> **PROBLEM DETAILS**
Output exactly the lines from the first line of the records below through the line containing "wedding seating plan", both included, leaving out any pictures.

> **DATA PROVIDED**
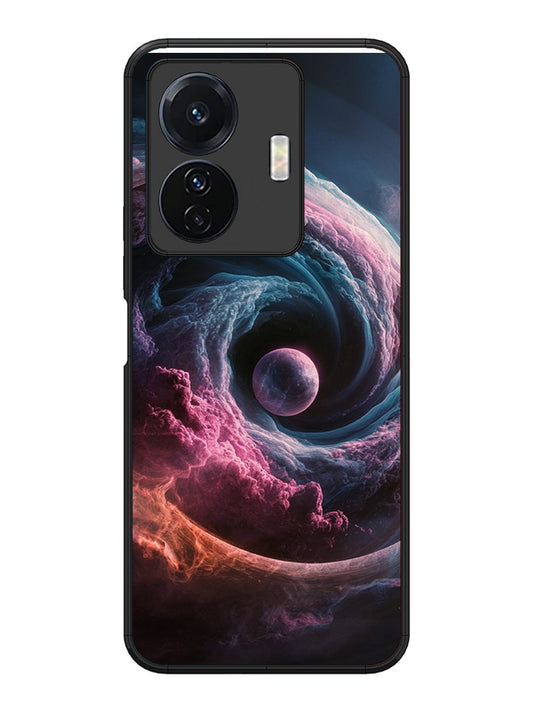 Vivo T1 Pro Colorful Universe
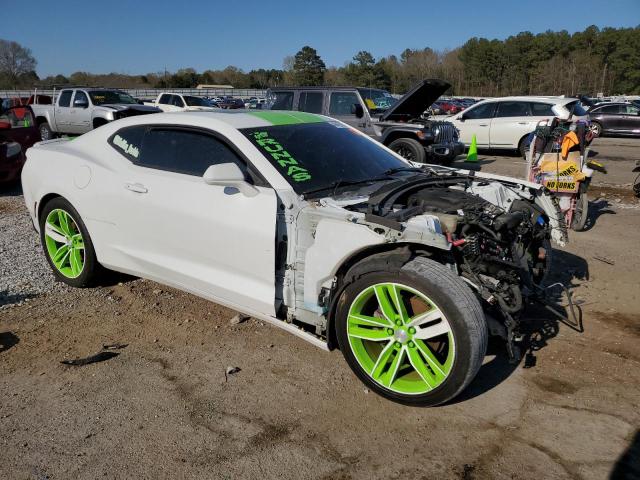 Vin: 1g1fd1rs3g0119592, lot: 46419735, chevrolet camaro lt 20164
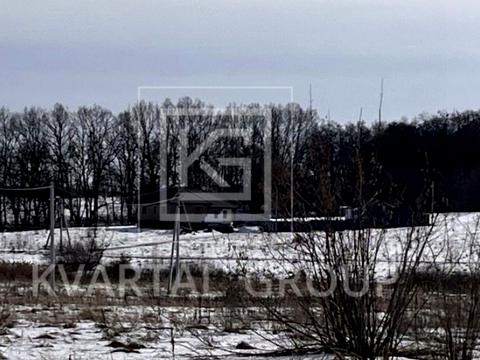 ділянка за адресою с. Михайлівка-Рубежівка, Озерна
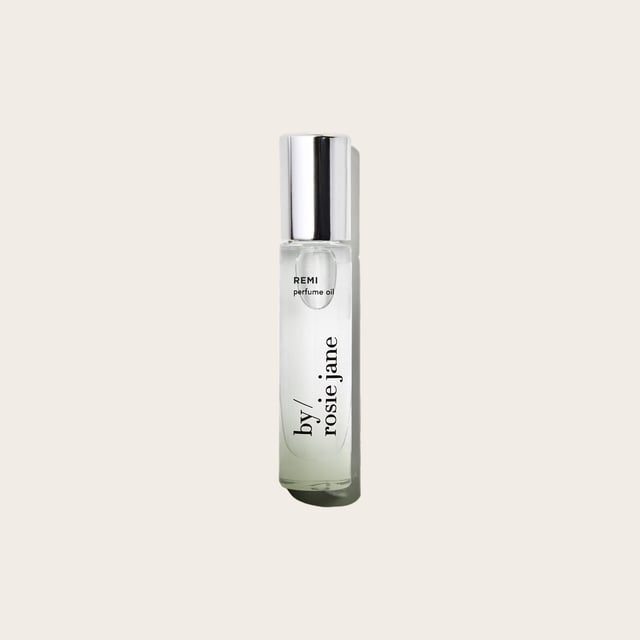 REMI PERFUME OIL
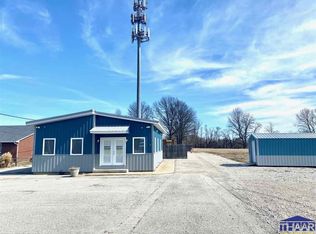 1300 S State Road 46, Terre Haute, IN 47803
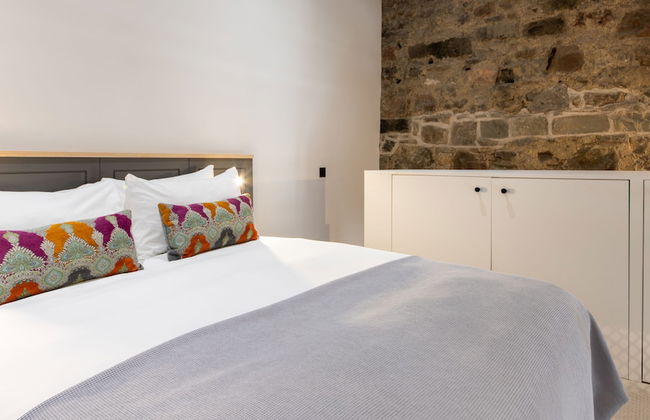 Linton Collection - Blackfriars Lofts - Foto 24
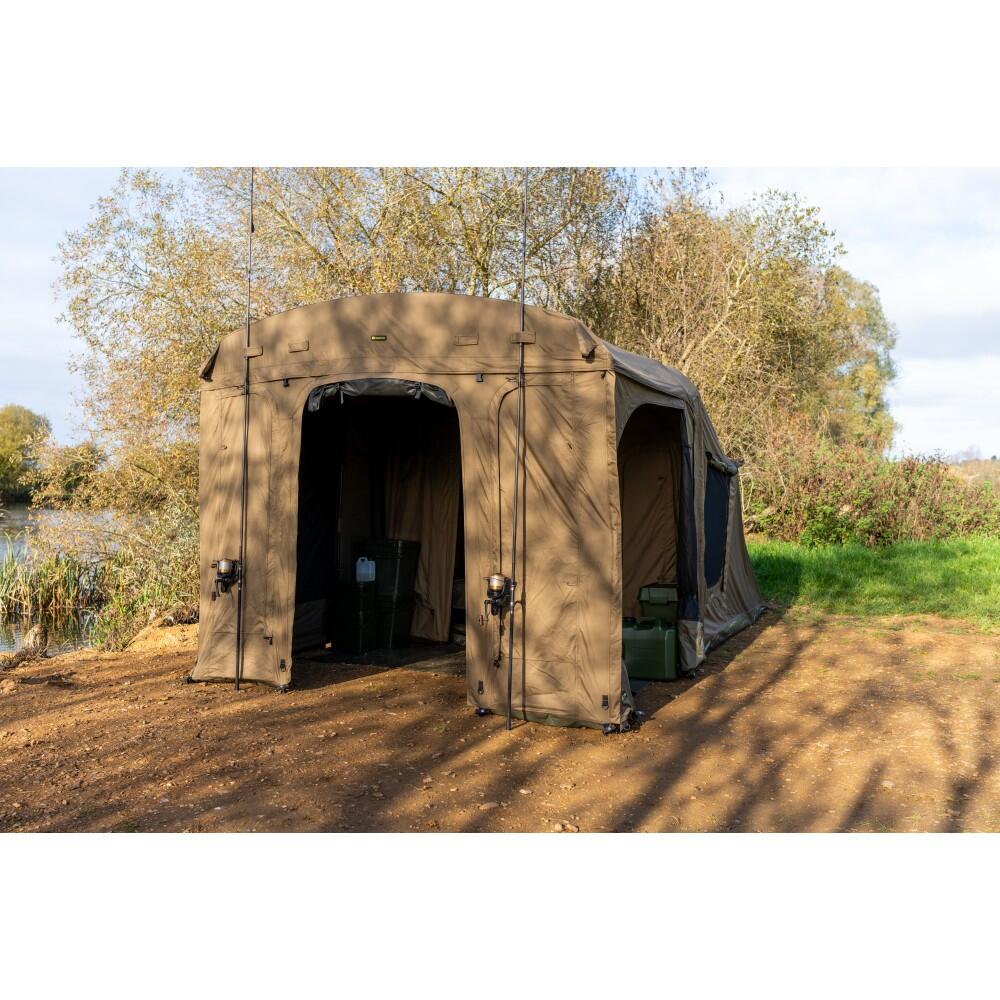 RidgeMonkey Escape XF2 Porch Extension V2 2/7
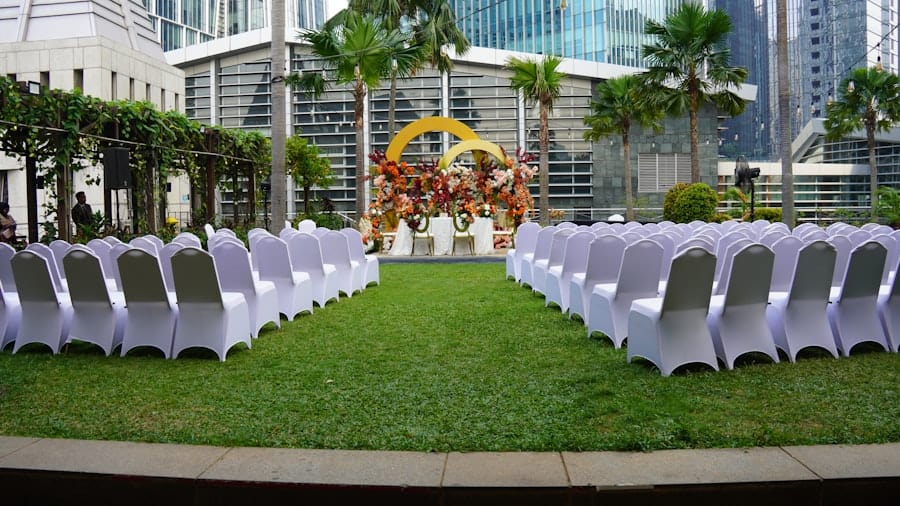 wedding seating plan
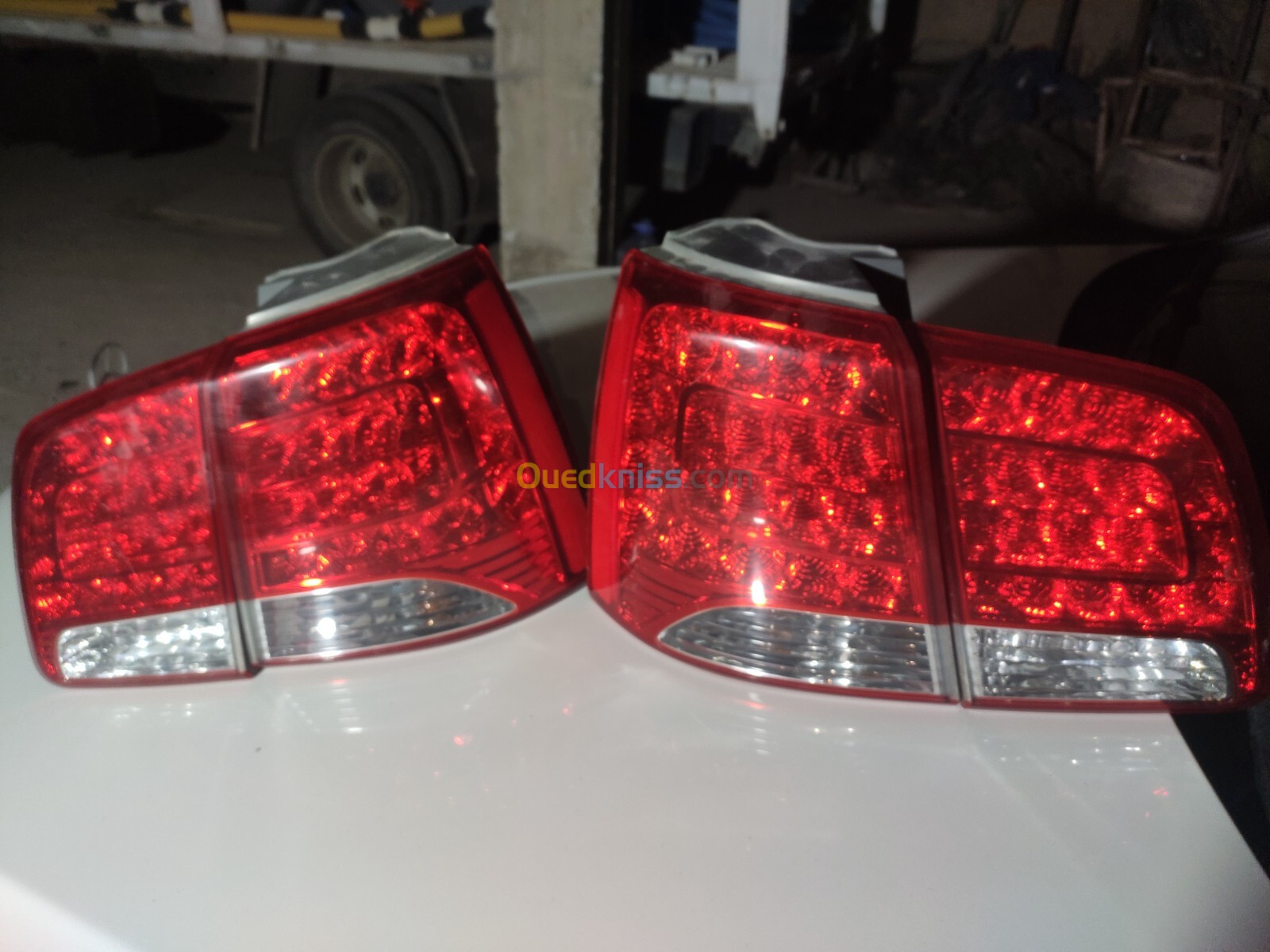 Feux arrière LED (Stop) Kia Sorento (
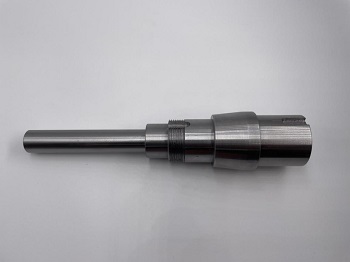 CNC Turning Stainless Steel Parts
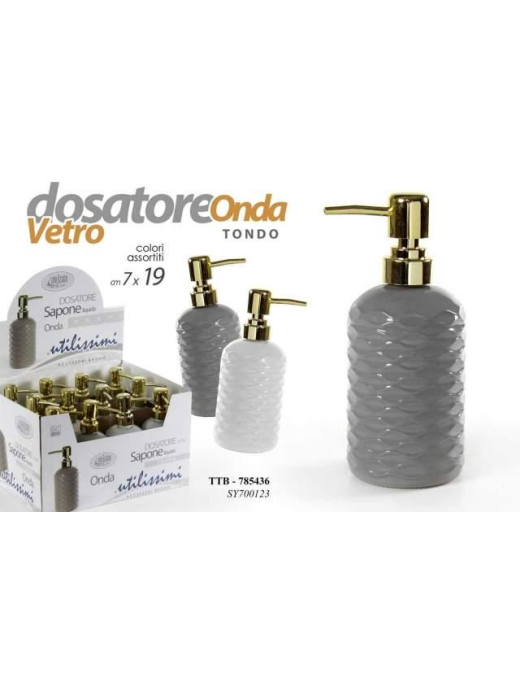 DISPENSER ONDA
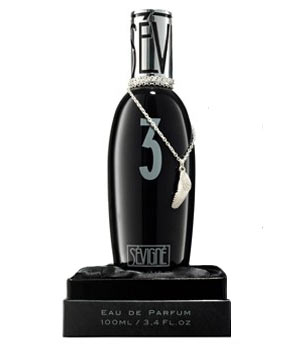 Parfum de Sevigne No. 3 Sevigne — аромат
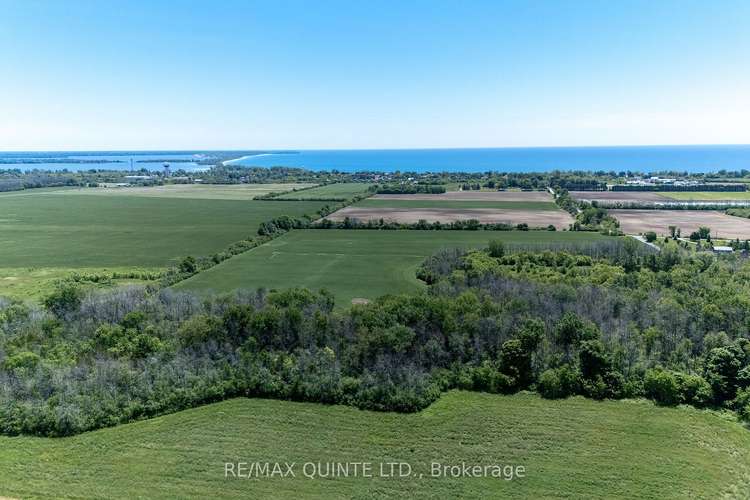 0 Consecon St, Prince Edward County, Ontario, Wellington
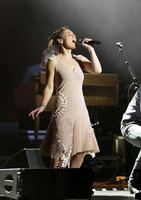 Clare Bowen longsleeve t-shirt #3012550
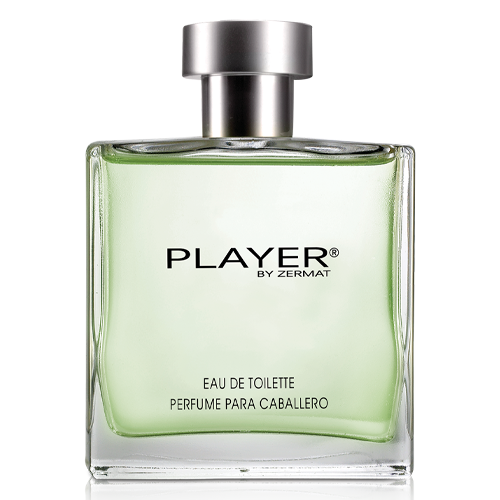 Player Eau de Parfum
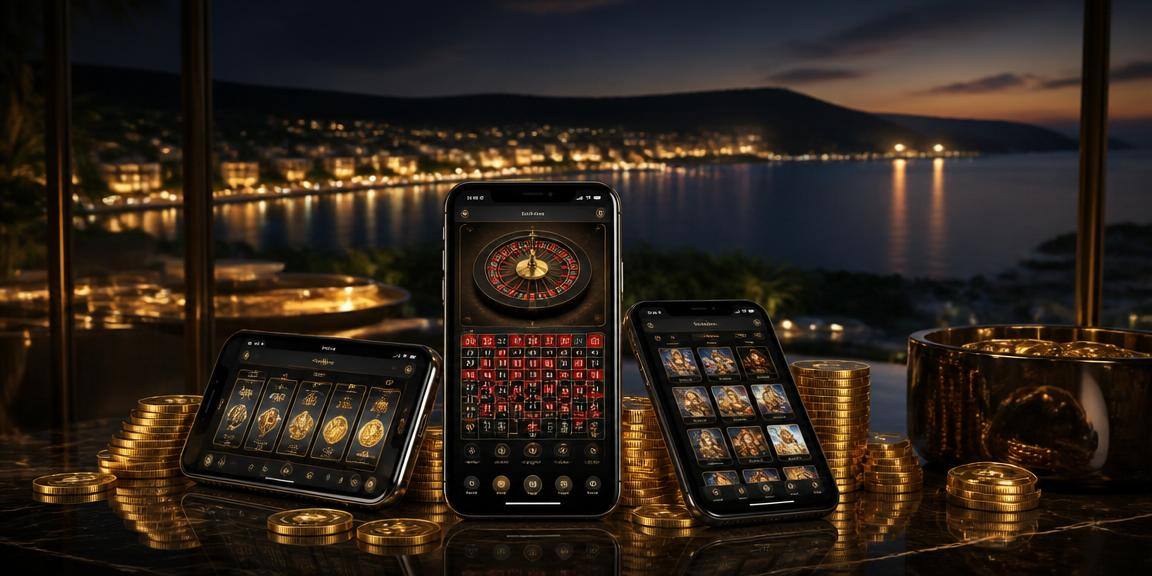 mimax0 Bàn Sic Bo với Dealer Thật và Cược Xúc Xắc Đa Dạng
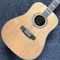 Custom 12 Strings D Body Solid Cedar Top Rosewood Back Side Guilds Acoustic Electric Guitar supplier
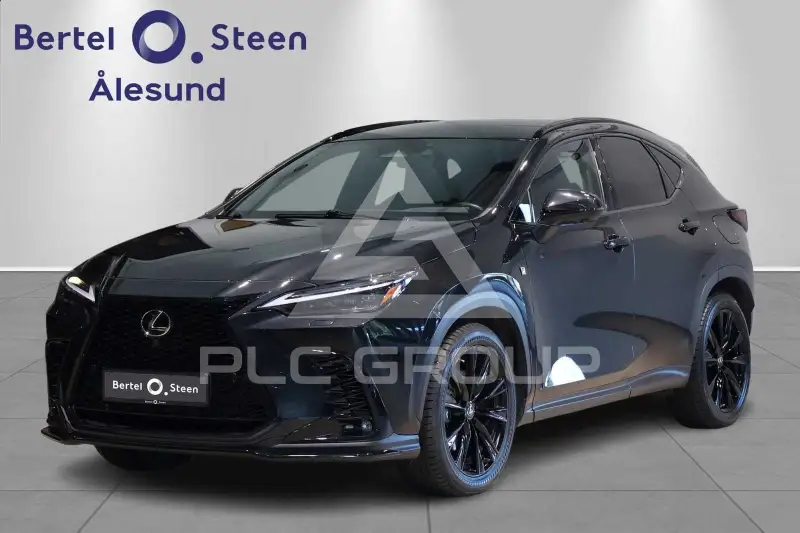 2022 Lexus NX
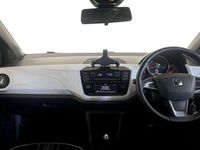 Used Seat Mii Electric 61 kW (83 HP) 2020 Black Hatchback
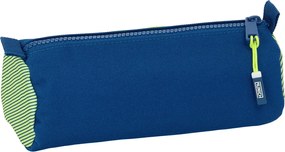 Κασετίνα Munich North Ναυτικό Μπλε 21 x 8 x 7 cm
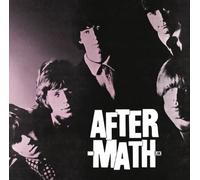 The Rolling Stones - Aftermath [UK Version]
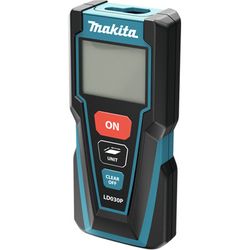 Makita - Afstandsmeter laser 30m ld030p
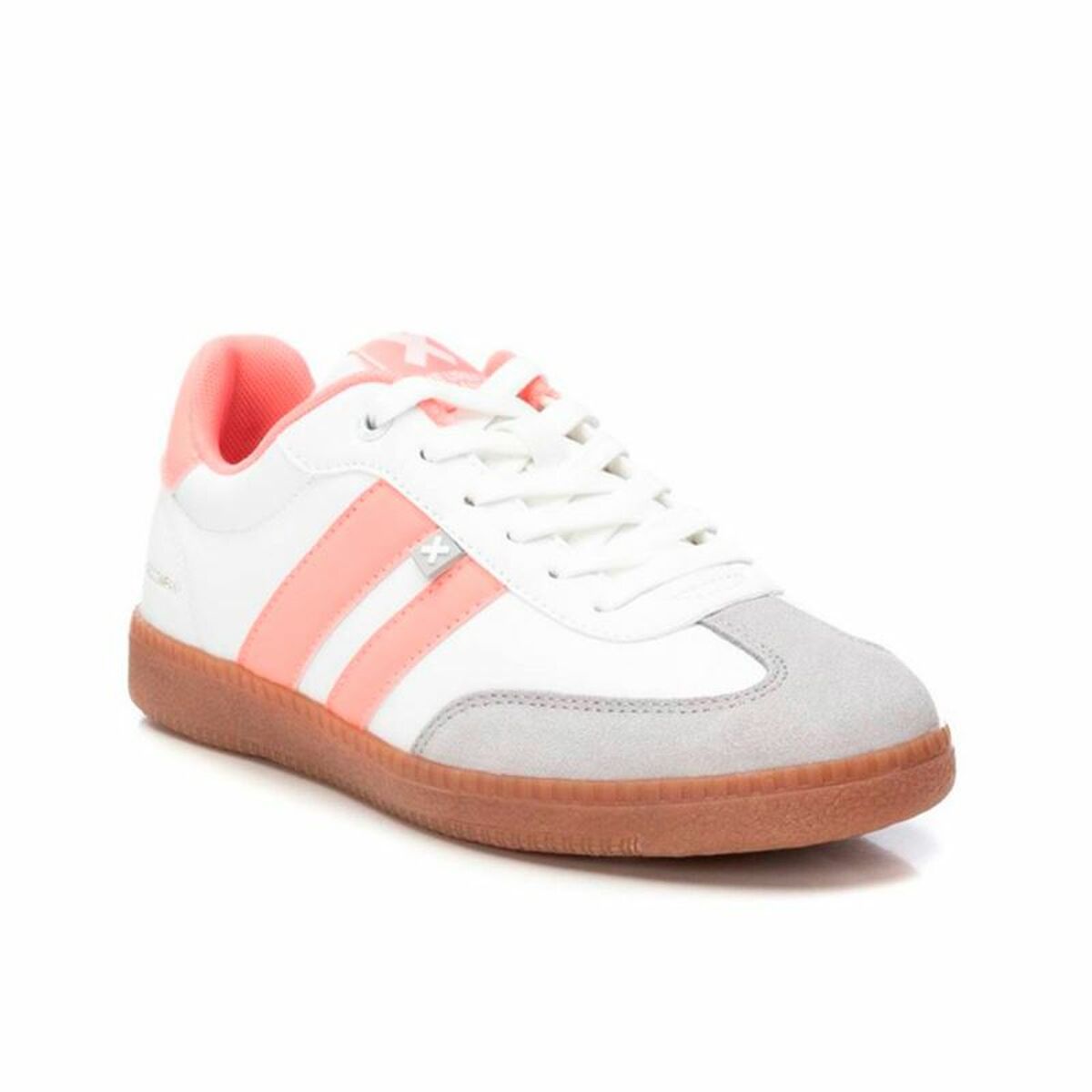 Zapatillas Deportivas Mujer XTI Zapatilla XTI Mujer Coral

> **OUTPUT FOR THIS TASK**
 Vivo T1 Pro Colorful Universe
 Vin: 1g1fd1rs3g0119592, lot: 46419735, chevrolet camaro lt 20164
 ділянка за адресою с. Михайлівка-Рубежівка, Озерна
 REMI PERFUME OIL
 1300 S State Road 46, Terre Haute, IN 47803
 Linton Collection - Blackfriars Lofts - Foto 24
 RidgeMonkey Escape XF2 Porch Extension V2 2/7
 wedding seating plan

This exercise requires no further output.